[Data extracted from a collection]
= = = = = = =

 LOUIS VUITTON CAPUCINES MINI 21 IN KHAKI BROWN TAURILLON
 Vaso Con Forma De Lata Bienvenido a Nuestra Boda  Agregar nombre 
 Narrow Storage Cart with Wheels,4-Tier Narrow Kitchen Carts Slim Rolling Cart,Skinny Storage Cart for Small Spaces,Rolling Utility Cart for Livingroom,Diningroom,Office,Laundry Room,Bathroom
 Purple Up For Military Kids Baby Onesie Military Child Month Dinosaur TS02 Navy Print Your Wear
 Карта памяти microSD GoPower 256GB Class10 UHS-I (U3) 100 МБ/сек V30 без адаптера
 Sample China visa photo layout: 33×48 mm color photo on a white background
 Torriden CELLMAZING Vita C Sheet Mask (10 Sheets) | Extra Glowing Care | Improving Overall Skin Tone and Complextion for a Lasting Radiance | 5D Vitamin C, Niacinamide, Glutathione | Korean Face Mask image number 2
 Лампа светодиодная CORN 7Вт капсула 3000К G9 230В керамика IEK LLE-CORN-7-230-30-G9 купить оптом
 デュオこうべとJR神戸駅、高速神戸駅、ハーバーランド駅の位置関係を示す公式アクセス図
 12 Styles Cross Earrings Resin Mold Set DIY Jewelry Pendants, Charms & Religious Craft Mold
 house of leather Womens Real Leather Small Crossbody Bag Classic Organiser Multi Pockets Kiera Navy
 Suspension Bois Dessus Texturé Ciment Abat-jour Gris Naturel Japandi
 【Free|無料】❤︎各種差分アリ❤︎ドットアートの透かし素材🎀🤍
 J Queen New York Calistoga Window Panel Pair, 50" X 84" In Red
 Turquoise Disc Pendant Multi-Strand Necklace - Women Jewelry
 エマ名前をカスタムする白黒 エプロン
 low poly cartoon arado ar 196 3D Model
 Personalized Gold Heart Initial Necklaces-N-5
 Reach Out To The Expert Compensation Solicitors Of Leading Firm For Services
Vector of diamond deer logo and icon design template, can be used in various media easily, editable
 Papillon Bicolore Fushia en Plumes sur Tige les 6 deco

= = = = = = =

Set the entries down again exactly, beginning with their first line and ending with the line that contains "Purple Up For"; omit all other lines.

Finished exercise:
 LOUIS VUITTON CAPUCINES MINI 21 IN KHAKI BROWN TAURILLON
 Vaso Con Forma De Lata Bienvenido a Nuestra Boda  Agregar nombre 
 Narrow Storage Cart with Wheels,4-Tier Narrow Kitchen Carts Slim Rolling Cart,Skinny Storage Cart for Small Spaces,Rolling Utility Cart for Livingroom,Diningroom,Office,Laundry Room,Bathroom
 Purple Up For Military Kids Baby Onesie Military Child Month Dinosaur TS02 Navy Print Your Wear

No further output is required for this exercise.